* **What you are asked to do**:
Begin at the line that contains "Barberini's Italian Leather purse" and repeat every line from there to the end of the records below, inclusive, without adding any other line.

* **Information provided**:
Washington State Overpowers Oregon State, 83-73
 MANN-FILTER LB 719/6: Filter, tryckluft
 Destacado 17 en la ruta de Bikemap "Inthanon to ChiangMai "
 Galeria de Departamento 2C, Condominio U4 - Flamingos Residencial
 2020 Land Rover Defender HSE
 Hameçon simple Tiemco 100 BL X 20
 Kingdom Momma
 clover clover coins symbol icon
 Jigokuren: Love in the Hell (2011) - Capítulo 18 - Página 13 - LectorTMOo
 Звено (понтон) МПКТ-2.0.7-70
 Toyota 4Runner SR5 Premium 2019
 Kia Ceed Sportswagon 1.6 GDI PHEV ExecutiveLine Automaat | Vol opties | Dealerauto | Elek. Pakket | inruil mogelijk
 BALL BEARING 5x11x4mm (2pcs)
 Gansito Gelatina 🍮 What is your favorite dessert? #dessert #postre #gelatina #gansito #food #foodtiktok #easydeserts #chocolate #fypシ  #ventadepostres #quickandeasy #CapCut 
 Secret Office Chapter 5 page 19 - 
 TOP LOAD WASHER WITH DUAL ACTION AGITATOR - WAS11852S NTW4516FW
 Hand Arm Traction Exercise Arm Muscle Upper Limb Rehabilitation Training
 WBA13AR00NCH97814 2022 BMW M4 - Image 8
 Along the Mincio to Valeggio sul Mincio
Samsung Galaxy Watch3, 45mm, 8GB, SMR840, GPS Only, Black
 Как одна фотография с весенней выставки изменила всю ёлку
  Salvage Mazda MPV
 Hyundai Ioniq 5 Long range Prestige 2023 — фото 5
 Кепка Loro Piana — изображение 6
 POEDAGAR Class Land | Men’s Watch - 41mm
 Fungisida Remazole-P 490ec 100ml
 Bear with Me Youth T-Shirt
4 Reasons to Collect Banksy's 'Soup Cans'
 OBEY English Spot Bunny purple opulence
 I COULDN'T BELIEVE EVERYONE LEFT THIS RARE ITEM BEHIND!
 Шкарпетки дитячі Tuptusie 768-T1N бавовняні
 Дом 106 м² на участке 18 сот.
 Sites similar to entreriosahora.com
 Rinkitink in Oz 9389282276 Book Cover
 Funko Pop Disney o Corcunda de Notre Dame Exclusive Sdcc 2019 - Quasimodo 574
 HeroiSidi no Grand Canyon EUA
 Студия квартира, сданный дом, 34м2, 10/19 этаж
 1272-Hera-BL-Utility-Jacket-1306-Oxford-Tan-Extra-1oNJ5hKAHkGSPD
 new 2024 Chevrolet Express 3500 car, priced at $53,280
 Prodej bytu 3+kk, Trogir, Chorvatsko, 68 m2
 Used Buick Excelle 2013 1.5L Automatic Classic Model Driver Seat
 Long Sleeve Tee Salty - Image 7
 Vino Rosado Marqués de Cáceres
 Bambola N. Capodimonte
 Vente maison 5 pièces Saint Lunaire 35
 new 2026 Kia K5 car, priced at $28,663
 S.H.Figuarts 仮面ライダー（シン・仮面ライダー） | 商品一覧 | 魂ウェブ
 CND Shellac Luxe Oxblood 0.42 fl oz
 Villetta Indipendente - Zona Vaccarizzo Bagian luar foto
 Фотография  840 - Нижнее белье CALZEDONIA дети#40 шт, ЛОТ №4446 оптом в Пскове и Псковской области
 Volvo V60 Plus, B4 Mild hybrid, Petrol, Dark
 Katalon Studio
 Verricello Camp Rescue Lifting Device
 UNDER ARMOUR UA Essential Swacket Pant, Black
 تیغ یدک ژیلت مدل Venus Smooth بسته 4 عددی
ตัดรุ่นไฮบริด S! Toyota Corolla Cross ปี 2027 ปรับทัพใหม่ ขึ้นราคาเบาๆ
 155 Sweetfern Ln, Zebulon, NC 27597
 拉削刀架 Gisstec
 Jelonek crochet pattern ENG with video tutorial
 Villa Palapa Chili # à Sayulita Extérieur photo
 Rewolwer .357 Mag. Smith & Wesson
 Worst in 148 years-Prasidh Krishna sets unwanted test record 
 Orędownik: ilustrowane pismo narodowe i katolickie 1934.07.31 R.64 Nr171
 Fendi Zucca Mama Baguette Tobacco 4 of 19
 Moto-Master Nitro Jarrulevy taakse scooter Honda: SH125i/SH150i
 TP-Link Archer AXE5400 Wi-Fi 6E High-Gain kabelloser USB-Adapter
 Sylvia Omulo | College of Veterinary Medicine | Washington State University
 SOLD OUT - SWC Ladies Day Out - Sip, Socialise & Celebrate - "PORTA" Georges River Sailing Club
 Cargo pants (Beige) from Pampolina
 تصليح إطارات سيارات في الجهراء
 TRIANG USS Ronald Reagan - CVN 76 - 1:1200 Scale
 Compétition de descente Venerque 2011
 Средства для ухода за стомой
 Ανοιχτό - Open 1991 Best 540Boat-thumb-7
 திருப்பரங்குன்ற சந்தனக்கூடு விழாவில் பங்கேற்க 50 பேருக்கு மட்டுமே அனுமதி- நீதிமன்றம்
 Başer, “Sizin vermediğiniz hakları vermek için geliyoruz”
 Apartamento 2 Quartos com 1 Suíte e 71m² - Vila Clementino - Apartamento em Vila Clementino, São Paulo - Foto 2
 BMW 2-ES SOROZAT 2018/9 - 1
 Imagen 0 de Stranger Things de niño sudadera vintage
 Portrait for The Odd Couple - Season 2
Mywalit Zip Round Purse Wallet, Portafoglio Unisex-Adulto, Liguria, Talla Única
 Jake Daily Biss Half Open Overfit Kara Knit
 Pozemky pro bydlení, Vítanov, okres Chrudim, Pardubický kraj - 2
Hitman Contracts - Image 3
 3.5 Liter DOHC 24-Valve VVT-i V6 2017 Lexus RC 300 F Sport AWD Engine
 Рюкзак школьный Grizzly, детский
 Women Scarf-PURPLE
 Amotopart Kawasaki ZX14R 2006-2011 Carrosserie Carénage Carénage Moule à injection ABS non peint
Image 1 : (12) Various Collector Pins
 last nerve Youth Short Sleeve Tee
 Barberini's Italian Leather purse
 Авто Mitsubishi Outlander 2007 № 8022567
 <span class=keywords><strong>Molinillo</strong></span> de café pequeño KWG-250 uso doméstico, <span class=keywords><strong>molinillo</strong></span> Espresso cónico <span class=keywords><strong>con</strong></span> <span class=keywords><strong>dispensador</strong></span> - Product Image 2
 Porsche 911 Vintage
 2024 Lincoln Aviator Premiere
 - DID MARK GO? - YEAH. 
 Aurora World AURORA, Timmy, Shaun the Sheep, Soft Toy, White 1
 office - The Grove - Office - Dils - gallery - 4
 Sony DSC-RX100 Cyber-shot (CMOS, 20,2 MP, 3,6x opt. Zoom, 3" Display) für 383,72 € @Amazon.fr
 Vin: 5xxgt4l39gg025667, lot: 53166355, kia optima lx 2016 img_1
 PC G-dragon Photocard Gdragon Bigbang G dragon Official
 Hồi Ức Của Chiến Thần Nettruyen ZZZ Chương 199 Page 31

* **Answer box**:
 Barberini's Italian Leather purse
 Авто Mitsubishi Outlander 2007 № 8022567
 <span class=keywords><strong>Molinillo</strong></span> de café pequeño KWG-250 uso doméstico, <span class=keywords><strong>molinillo</strong></span> Espresso cónico <span class=keywords><strong>con</strong></span> <span class=keywords><strong>dispensador</strong></span> - Product Image 2
 Porsche 911 Vintage
 2024 Lincoln Aviator Premiere
 - DID MARK GO? - YEAH. 
 Aurora World AURORA, Timmy, Shaun the Sheep, Soft Toy, White 1
 office - The Grove - Office - Dils - gallery - 4
 Sony DSC-RX100 Cyber-shot (CMOS, 20,2 MP, 3,6x opt. Zoom, 3" Display) für 383,72 € @Amazon.fr
 Vin: 5xxgt4l39gg025667, lot: 53166355, kia optima lx 2016 img_1
 PC G-dragon Photocard Gdragon Bigbang G dragon Official
 Hồi Ức Của Chiến Thần Nettruyen ZZZ Chương 199 Page 31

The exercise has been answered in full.